The fine for a third offense will increase from $1,000 to $4,000.
The public defender's agency is concerned about putting these fines
in place at such a high level. In addition, the license forfeiture
period for a felony DUI is permanent. It can be restored after 10
years. He believes it is important to make sure that drivers are
licensed and insured and fears that people whose license has been
revoked will be tempted to drive anyway. He feels the bill should
provide a way for people to get licensed and insured in a shorter
period of time.
MR. MCCUNE said CSHB 4(FIN)am increases the "look-back" provision
from five to 10 years for felony DUIs, which will add quite a bit
of time and expense for the public defender's agency.
MS. MARY MARSHBURN, Director of the Division of Motor Vehicles
(DMV), said, like Mr. McCune, DMV has been significantly involved
with the sponsor and the legislation since its drafting almost a
year ago. DMV supports lowering the BAC to .08 but DMV continues
to take issue with the vehicle registration revocation provisions.

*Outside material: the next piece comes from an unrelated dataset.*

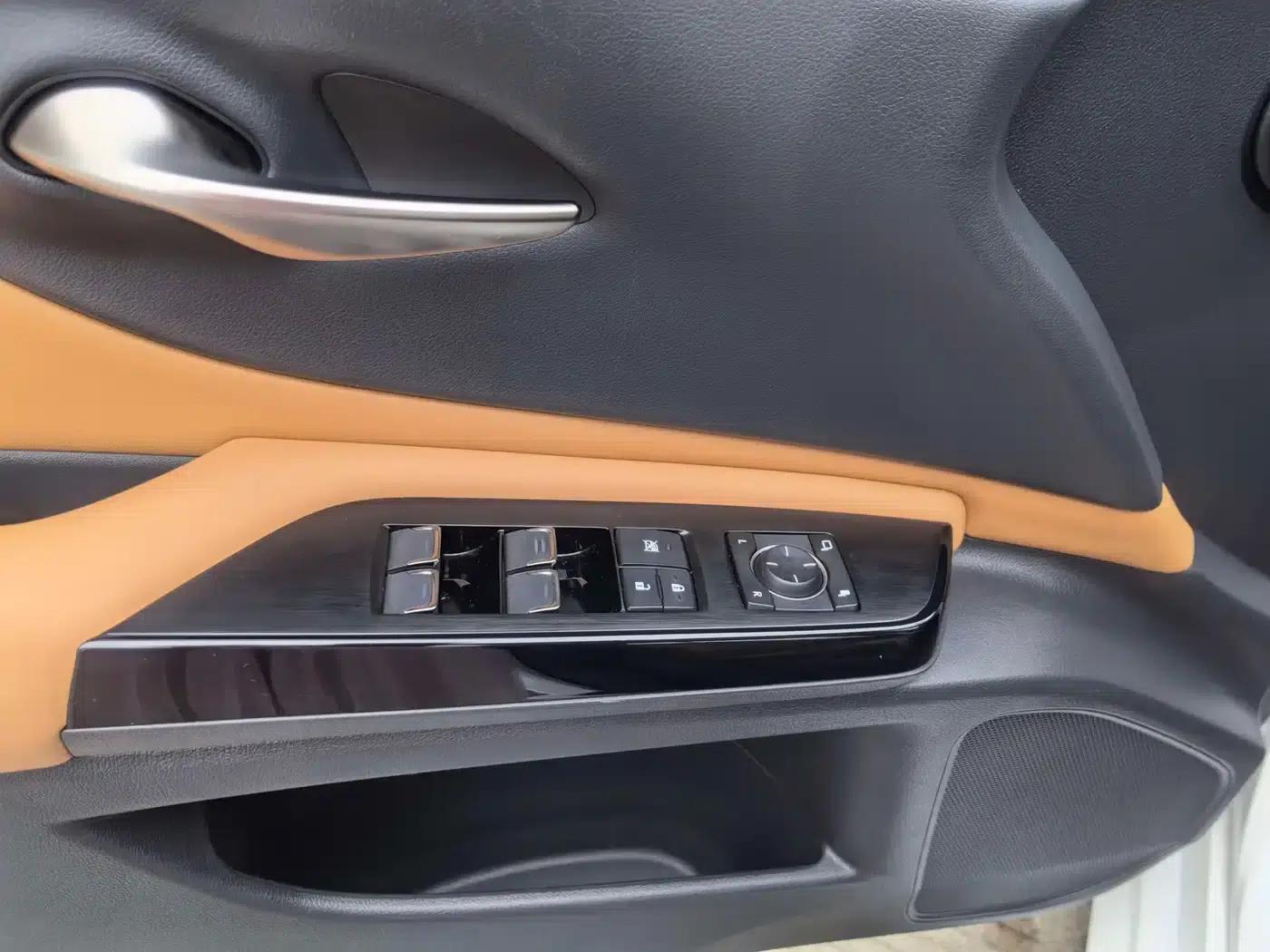 Lexus ES 2021 260 Premium Edition — миниатюра 13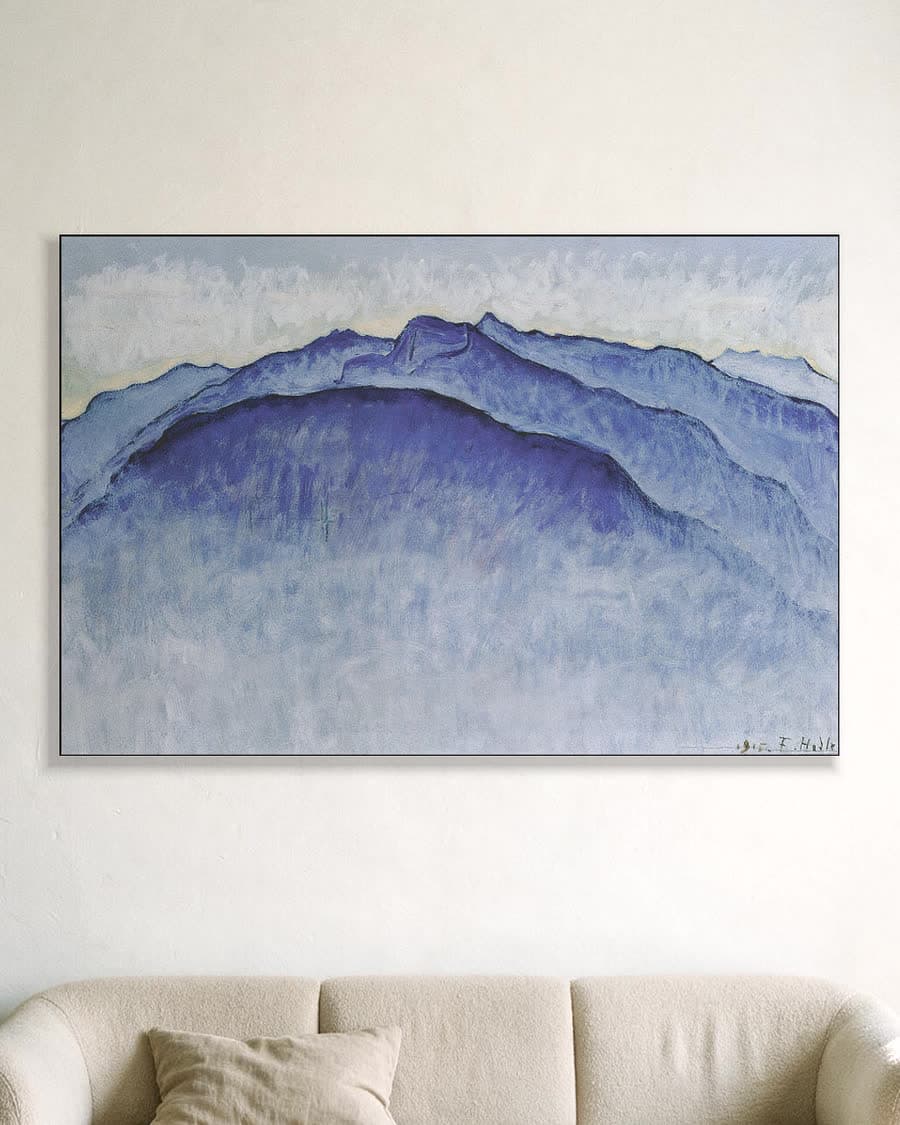 Blauwe Bergketen in een aluminium frame aan dezelfde muur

A driver's license dictates whether an individual may drive any
vehicle. If a person is permitted to drive, it is the driver's
license that determines when and where he or she may drive. A
vehicle does not need to be registered in a specific person's name
for an individual to drive it. DMV does not believe that removing
a person's name from a vehicle registration for the period of the
driver's license revocation will have any appreciable effect on the
DUI problem. DMV does believe that dealing with re-registration
will be a chore for spouses, other family members, or co-owners who
need the vehicle. Likewise, she does not believe the work required
of DMV to implement that provision will be the most productive and
have the intended effect. DMV believes the funds in its fiscal
note should be directed to more effective methods of addressing
drunk driving, such as screening, treatment and rehabilitation, and
vehicle impoundment. She repeated DMV does not support inclusion
of the vehicle registration provision in the bill.
SENATOR THERRIAULT asked that Representative Rokeberg respond to
Ms. Marshburn's comments.
MS. JANET SEITZ, Chief of Staff to Representative Rokeberg, said
Ms. Marshburn was referring to Section 7: Seizure of Registration
Plates. Currently, when a person is stopped for a DUI offense, the
driver's license is seized and replaced by a temporary driver's
license during which time the person can file an appeal. Section 7
puts a similar scheme in place for the registration plates so that
license plates are seized and the driver is given a temporary
permit. The bill also says that DMV shall allow a co-owner to re-
register the vehicle. She noted it is a way to separate the
vehicle from the drunk driver to impress upon the inebriated person
that he or she should not be driving.
SENATOR THERRIAULT said he is not sure what will be gained for the
cost and, apparently, neither does DMV.
MS. SEITZ thought the offender would realize the seriousness of the
offense.
Number 1509
SENATOR THERRIAULT asked if the co-owner will have to pay the
registration fee under Section (7)(e) and the offender, using a
temporary license, can continue to drive that vehicle.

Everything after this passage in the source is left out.